At last the plunge was made. She took a place where there were two young servants and the mistress personally did a good deal of the work. Jane cried a great deal when she left the Lodge; according to every rule and precedent.

"I regularly broke down when I said goodbye. Mrs. Binney cried too she told me she was as sorry to part with me as I was to part with her and she gave me such good advice and I hope to be able with God's help to keep up with it."

But she did not keep up with it long. Very soon the following letter arrived: "I am so sorry to tell you that I have not got a good place I am greatly deceived, the Mistress is not a good woman and makes use of bad words. Mother says I am not to stay. The Mistress all the time I was sitting outside and cleaning the windows shouted at me and kept insulting me and saying such lots of things and said I was no use whatever in the house therefore I said that I should leave at the end of my month, when I had given her notice she was worse towards me and I did have such hard work not to answer her back. She is a wicked woman and told me she would tell such dreadful things to you about me which were not true but she said that you would believe a lady before you would believe a paid servant. I have done my very best to please my mistress therefore I could not do any more could I?"

Inquiry produced the result that though undoubtedly the mistress had lost her temper, and said she had, yet Jane had been far from faultless; had been careless, forgetful, unpunctual, and very rude in a mild and aggravating manner. Moreover she had been rhodomontading to the other girls on her mistress's wickedness, which she had painted in melodramatic colours, and she had even hinted that she drank.

Also it now came out that Jane while at the Lodge had been constantly rude and mildly insubordinate to one of the under-matrons, who, out of mistaken kindness, had kept the fact to herself.

A short letter to Jane while inquiries were pending produced the following reply which confirmed the unfavourable view of her conduct:

"I do hope you will not be angry with me but it is quite impossible to stay here, and if you knew the real facts I think you would be the very last to wish me to stay. Mistress has been unbearable towards me and says that I shall not have a moment's peace while I am in her house. [Hardly likely, this!] I think sometimes she can hardly be in her sober senses for she goes about the house using bad language in such an excited manner. I will try to stay the month but it so upsets me I can hardly eat my food. It grieves me to write these things but I think it best you should know."

Two days after this came a letter from the Home:

"Jane has come back here from her place. Yesterday her mistress called to say that she was so very trying she could stand her no longer. Mrs. Binney says she is not surprised."

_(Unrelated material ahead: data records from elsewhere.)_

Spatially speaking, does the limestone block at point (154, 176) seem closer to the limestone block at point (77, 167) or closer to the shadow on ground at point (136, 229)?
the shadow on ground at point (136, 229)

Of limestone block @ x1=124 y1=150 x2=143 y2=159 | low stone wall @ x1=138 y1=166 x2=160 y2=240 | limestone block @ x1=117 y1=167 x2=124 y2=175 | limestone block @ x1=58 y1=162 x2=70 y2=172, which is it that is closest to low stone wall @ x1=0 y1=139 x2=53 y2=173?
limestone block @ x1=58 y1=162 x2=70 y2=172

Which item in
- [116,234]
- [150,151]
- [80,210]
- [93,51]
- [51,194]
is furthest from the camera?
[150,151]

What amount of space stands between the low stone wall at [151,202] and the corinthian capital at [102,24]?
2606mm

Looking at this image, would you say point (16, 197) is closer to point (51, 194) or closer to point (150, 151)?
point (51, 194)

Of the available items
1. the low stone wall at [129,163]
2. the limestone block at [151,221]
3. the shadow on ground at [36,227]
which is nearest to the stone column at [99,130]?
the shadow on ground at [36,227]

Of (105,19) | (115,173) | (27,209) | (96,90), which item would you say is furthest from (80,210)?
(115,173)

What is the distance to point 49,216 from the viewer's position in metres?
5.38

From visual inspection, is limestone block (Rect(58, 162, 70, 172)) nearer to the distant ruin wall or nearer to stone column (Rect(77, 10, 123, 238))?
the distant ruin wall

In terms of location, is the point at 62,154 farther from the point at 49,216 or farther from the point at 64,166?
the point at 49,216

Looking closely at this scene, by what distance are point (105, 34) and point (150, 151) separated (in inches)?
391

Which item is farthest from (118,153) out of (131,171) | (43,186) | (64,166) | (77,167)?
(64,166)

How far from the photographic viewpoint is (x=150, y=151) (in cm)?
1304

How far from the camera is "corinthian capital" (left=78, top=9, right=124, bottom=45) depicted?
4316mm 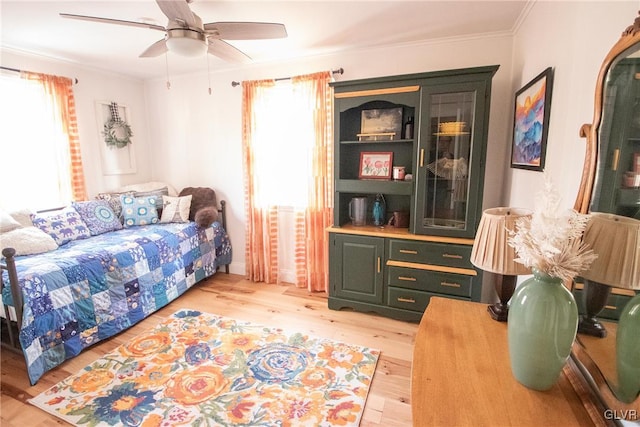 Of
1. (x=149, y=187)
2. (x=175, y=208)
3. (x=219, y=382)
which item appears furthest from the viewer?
(x=149, y=187)

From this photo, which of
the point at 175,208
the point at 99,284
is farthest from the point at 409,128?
the point at 99,284

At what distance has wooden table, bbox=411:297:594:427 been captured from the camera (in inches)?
31.0

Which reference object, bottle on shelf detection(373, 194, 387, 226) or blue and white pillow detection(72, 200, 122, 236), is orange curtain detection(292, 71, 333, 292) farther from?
blue and white pillow detection(72, 200, 122, 236)

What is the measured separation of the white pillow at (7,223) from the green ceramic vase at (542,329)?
344cm

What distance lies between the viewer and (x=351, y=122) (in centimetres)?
290

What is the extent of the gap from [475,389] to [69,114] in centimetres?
405

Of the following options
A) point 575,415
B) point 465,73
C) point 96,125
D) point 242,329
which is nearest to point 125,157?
point 96,125

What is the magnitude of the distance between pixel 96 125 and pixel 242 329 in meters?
2.84

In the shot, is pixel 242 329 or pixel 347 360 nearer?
pixel 347 360

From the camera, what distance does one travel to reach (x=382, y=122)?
276 cm

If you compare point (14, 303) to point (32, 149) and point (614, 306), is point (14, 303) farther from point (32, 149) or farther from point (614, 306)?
point (614, 306)

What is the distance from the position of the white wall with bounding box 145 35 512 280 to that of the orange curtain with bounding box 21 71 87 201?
3.02ft

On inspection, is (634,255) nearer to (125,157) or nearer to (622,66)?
(622,66)

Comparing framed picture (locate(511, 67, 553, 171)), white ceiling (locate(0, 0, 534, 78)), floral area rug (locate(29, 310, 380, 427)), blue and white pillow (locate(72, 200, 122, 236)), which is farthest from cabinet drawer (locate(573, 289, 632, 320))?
blue and white pillow (locate(72, 200, 122, 236)) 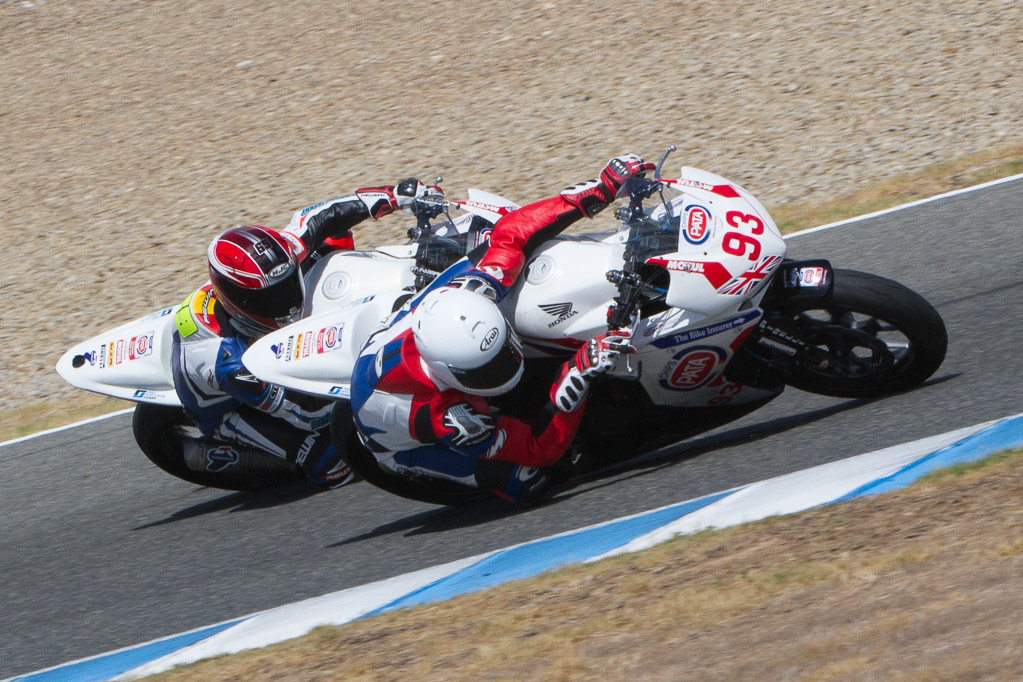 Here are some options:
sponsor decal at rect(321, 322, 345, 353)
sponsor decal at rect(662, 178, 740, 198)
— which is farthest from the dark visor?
sponsor decal at rect(662, 178, 740, 198)

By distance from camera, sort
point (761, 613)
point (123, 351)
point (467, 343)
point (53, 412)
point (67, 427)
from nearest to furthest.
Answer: point (761, 613), point (467, 343), point (123, 351), point (67, 427), point (53, 412)

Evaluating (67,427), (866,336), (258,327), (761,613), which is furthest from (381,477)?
(67,427)

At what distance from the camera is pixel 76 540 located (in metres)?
6.38

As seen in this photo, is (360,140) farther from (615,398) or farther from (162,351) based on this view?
(615,398)

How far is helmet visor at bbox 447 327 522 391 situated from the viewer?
15.6 ft

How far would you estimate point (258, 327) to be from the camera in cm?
593

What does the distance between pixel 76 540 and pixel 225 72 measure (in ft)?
28.6

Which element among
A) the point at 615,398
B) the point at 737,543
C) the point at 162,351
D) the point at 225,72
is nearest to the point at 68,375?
the point at 162,351

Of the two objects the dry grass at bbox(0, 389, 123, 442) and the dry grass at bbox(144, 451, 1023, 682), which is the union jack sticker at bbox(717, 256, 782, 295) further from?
the dry grass at bbox(0, 389, 123, 442)

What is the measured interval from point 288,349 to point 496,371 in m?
1.21

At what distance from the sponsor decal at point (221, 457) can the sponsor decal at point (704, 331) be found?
102 inches

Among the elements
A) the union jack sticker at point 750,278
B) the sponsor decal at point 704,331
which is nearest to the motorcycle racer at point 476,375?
the sponsor decal at point 704,331

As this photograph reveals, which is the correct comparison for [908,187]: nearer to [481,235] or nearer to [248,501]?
[481,235]

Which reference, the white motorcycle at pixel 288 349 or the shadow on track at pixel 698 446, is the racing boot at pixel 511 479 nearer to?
the shadow on track at pixel 698 446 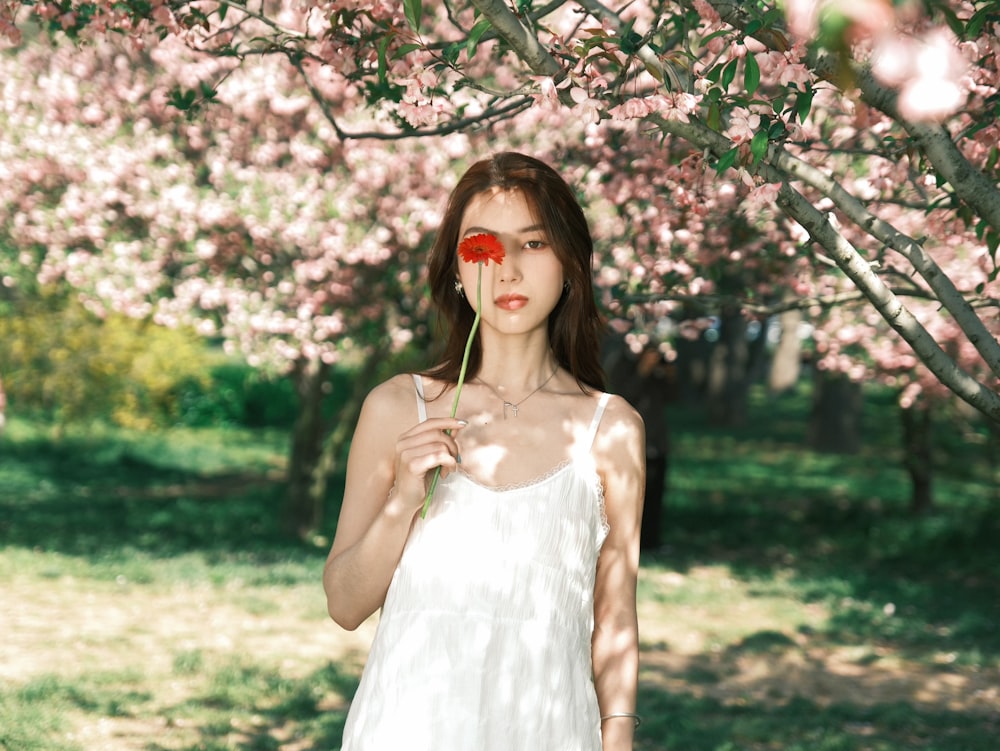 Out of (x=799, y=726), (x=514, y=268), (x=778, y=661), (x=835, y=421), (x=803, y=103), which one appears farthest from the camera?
(x=835, y=421)

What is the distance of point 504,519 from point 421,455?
0.27 meters

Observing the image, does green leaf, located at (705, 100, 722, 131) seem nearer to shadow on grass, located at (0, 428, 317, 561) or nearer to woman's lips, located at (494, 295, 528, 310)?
woman's lips, located at (494, 295, 528, 310)

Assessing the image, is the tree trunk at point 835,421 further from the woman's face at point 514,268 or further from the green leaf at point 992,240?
the woman's face at point 514,268

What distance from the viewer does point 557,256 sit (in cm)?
245

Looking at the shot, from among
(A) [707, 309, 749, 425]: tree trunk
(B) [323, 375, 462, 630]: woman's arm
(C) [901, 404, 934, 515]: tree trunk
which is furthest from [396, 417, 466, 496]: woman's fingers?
(A) [707, 309, 749, 425]: tree trunk

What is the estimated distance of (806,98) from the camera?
2338 mm

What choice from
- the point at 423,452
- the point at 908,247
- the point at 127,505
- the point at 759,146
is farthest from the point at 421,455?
the point at 127,505

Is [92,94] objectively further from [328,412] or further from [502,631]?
[328,412]

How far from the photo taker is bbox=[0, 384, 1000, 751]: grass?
604 centimetres

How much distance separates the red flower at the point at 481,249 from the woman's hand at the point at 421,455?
0.33 meters

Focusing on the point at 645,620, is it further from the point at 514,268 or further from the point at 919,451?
the point at 514,268

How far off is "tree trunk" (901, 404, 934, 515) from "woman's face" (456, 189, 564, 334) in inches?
398

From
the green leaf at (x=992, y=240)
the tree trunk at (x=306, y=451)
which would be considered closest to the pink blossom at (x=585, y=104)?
the green leaf at (x=992, y=240)

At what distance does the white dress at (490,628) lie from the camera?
7.16ft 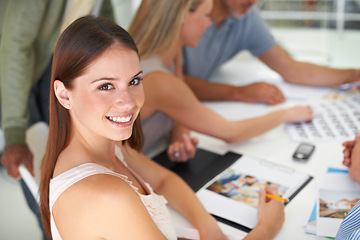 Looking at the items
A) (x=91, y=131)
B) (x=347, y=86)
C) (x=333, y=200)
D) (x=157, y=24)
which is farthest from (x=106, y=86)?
(x=347, y=86)

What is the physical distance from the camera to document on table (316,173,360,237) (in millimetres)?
1039

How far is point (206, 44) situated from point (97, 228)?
1.34 m

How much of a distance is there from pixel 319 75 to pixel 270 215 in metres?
0.99

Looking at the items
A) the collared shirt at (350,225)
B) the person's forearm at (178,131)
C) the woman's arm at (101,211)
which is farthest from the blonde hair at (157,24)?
the collared shirt at (350,225)

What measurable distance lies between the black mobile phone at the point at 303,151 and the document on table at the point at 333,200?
0.11 m

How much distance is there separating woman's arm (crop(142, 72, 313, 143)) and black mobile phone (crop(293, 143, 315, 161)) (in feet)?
0.52

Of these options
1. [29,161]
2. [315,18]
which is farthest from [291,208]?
[315,18]

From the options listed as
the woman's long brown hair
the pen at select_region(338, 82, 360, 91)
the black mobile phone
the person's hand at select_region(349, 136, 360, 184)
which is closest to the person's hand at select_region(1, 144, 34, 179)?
the woman's long brown hair

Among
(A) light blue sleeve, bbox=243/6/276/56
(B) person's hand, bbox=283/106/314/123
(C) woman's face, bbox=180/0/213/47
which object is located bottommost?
(B) person's hand, bbox=283/106/314/123

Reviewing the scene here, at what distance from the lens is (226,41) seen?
2.04 m

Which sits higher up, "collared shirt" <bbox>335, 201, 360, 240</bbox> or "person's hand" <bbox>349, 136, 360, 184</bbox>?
"collared shirt" <bbox>335, 201, 360, 240</bbox>

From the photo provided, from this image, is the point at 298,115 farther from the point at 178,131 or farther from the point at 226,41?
the point at 226,41

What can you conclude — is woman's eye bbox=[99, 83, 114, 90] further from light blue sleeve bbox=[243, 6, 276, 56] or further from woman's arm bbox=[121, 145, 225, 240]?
light blue sleeve bbox=[243, 6, 276, 56]

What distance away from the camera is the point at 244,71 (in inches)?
84.7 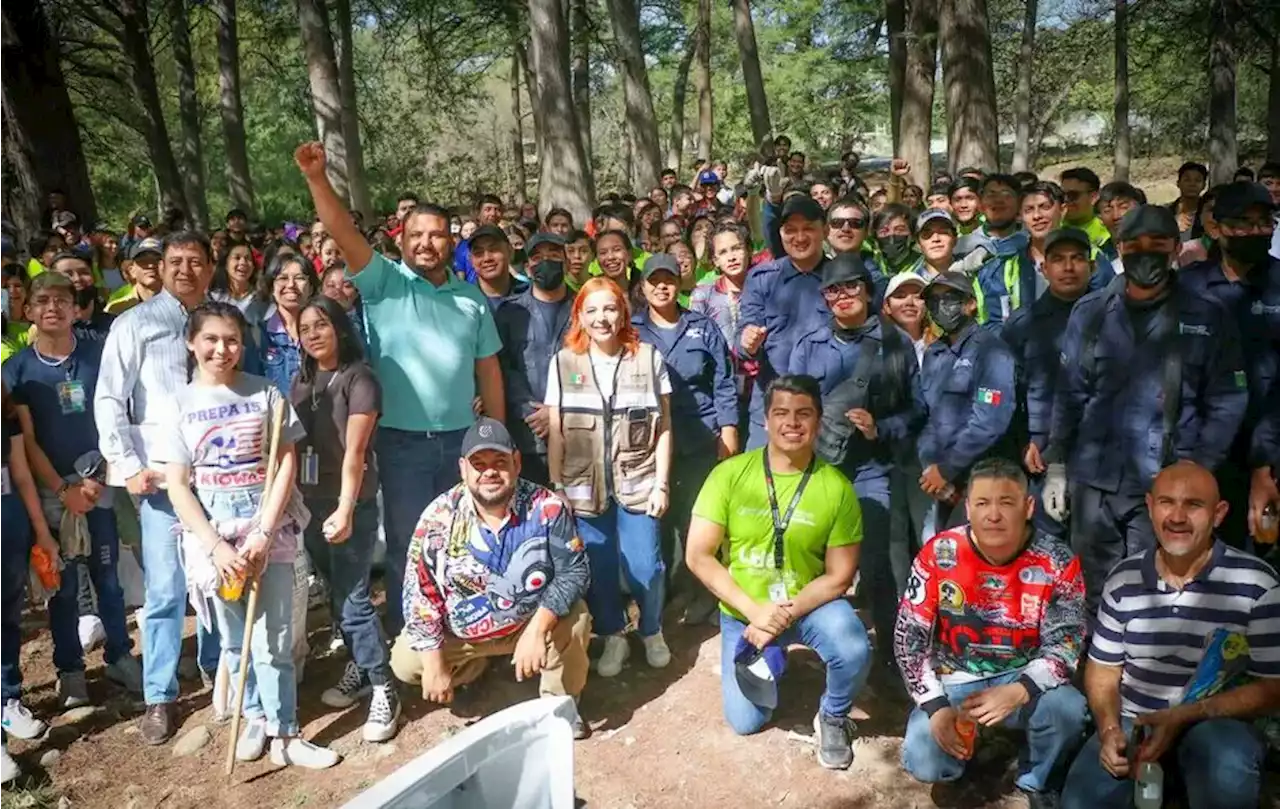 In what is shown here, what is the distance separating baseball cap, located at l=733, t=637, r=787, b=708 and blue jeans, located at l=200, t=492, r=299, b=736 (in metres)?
2.00

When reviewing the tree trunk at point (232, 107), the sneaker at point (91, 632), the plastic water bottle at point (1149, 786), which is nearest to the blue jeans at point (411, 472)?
the sneaker at point (91, 632)

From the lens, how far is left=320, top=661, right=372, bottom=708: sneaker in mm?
4688

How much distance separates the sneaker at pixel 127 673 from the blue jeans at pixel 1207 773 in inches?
174

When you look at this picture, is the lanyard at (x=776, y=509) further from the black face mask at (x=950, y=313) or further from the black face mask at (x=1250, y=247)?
the black face mask at (x=1250, y=247)

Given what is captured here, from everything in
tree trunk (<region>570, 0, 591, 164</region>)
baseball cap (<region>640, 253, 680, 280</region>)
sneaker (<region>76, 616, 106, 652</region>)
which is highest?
tree trunk (<region>570, 0, 591, 164</region>)

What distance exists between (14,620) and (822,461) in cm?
378

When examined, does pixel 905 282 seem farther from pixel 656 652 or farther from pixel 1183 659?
pixel 656 652

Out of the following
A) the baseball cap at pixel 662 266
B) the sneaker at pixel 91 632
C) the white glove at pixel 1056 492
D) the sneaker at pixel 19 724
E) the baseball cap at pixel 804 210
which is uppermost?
the baseball cap at pixel 804 210

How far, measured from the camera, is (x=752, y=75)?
2012 cm

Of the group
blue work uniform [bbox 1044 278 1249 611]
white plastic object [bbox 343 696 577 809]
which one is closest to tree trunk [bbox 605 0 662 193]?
blue work uniform [bbox 1044 278 1249 611]

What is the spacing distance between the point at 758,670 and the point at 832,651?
0.35m

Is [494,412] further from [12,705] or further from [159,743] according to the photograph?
[12,705]

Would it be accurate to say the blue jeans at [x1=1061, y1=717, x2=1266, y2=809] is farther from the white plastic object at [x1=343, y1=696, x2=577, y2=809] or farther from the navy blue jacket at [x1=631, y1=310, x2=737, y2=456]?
the navy blue jacket at [x1=631, y1=310, x2=737, y2=456]

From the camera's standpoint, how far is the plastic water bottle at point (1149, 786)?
3203 millimetres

An interview with Jane followed. She entered the room with a Christian martyr air upon her; but after various questions she began to blush, to waver in her statements, and finally to confess with floods of tears that though her mistress had behaved badly to her, she had not from the beginning behaved at all well. Finally she sat on her chair and cried without restraint. And that evening wrote the following letter:

"I write to ask you to forgive me (for everything) I am very sorry and can see how foolish I have been, I went home last Thursday and my mother seemed so grieved and heartbroken about it and it made me feel so unhappy to see how I grieved her by my being rude and careless and answering my mistress back. I am very much ashamed of myself now, and I have learnt a lesson and will never forget it. But I have spoken the truth in everything [as indeed she had meant to do] tho' my mistress says I have not, therefore I shall not worry any more. I am afraid you are very grieved about me but I will ask God to give me a humble and contrite spirit night and morning I know that I can do nothing without his help. I know that you will forgive me if I promise to do better and I will promise. I feel much better now I have written this and I do hope that you will forgive me although I know that I deserve everything that has passed since I have been at the Home. I know what you would have me to do now and I will do what you wish I do not want to grieve you and make my mother so unhappy again."

No penitence could be better or more complete, or indeed more genuine. She stayed at the Home ten days and then went to another very nice situation as underhousemaid. She did not write, but she sent messages for a month; rather a good sign; and then came a blissful letter:

"I now take real pleasure in writing to you. You must forgive me for not writing before but I thought it would be a very good plan to wait an whole month before I wrote to tell you how I did get on and I have been here four weeks last Thursday (I feel quite an old servant) but I must now tell you how I am getting on and I hope to get on very well indeed and in time my mistress has not yet complained at me being forgetful and I think myself I am improving. My mother thinks it will be a very good opening and relies on me to do well. I made up my mind to do that long before I came here. I have every opportunity of learning. They are very kind to me. I conclude now with a promise to do my best and ask god to help me to do right."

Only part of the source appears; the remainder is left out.